Maybe the 'rona' can save our lost humanity if we let it

Image: Jozef Polc/123rf.com

I don't get to watch a lot of television; my younger self would be horrified. In between reading manuscripts, worrying about book sales and trying to live, television has all but taken a back seat in my life.

I watch one or two things when I have the time, and lately I have been obsessively watching a show on Netflix called Masters of Sex - a fantastic fictional rendition of a gynaecologist and his assistant who revolutionised sex and sexual pleasure.

If you are going to be practising some social distance during these corona-scare days, I highly recommend it. In any case, I was watching this while I was trying so hard to avoid the corona hysteria, but it isn't possible is it? Especially now that it is coming thick and fast into our country.

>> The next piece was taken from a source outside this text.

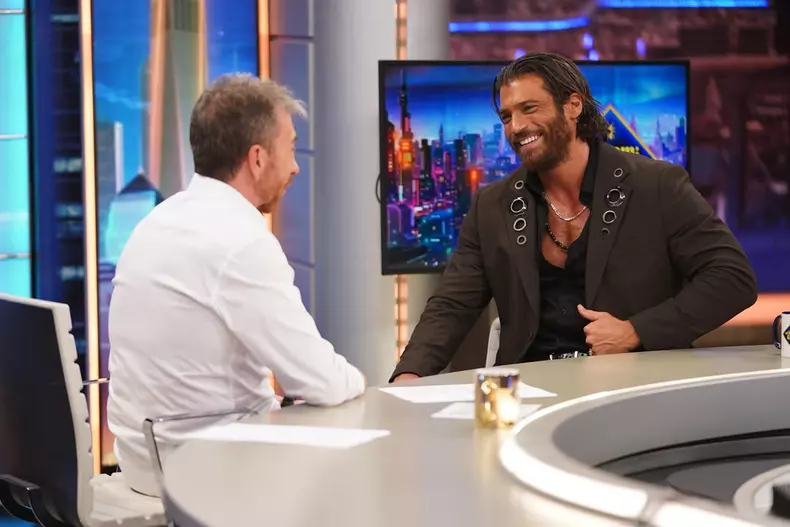 el-hormiguero-can-yaman (7)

In one of the episodes, the protagonist says this when asked a question about the absence of the word "love" in his sex study.

"Gravity is the shape of space itself; an apple falls to the ground because it is following the lines and grooves that gravity has carved into space. In the same respect, love is the very fabric of those bodies. Love is that which carves the lines and grooves. It can't be rendered into columns and graphs."

That statement stayed with me through every news bulletin and yet another update.

Why has it taken governments and businesses so long to close borders, to down tools, to elevate the lives of people before the economy?

We seem to have lost or forgotten what the grooves and the lines of the human experience are - humanity itself. Without it there is no economy. Is the economy itself not built on the backs of humanity?

Are our governments more worried about the loss of life or the loss of control over the economy? Would it not be better to let go of the economy and save human lives if humans are the very thing that build the economy?

My thoughts are: perhaps this is exactly what we need; the loss of life is, of course, regrettable, but we need to go back to basics. Sometimes things need to be completely broken so we can rebuild -and rebuild for the better - to remind us of what is important. And for us to remember to value that which we can't always put to scale.

If we or our governments go back to remembering what's really important here we could have a shot at a better way of life. This pandemic could have come as most disasters have come, as an attack on the most vulnerable members of society, the poor.

But it has chosen instead to first start with the haves and will not allow anyone to declare: "Let them eat cake". It has, I think, come to level the playing field. No one gets to be a hero and no one can be protected by money, social standing or office.

If economies must collapse so we don't see a rise in child-led households, then let it be. This is largely a governance issue, but it is not only governments that must be asked to observe and remember what the grooves of life are, it should be all of us.

As an employer in SA, you know what and who we are and the risks. No one should have to sit four-four in a taxi just so a garden somewhere can be kept in pristine condition.

Let your pools gather algae, allow children the opportunity to grow up with their parents. Allow breadwinners to have a shot at fighting this.

We are being forced to slow down, allow it, most of us are burnt out anyway. Spend time with your loved ones and do the things that bring you joy. Allow the "rona" to give you this much-needed break.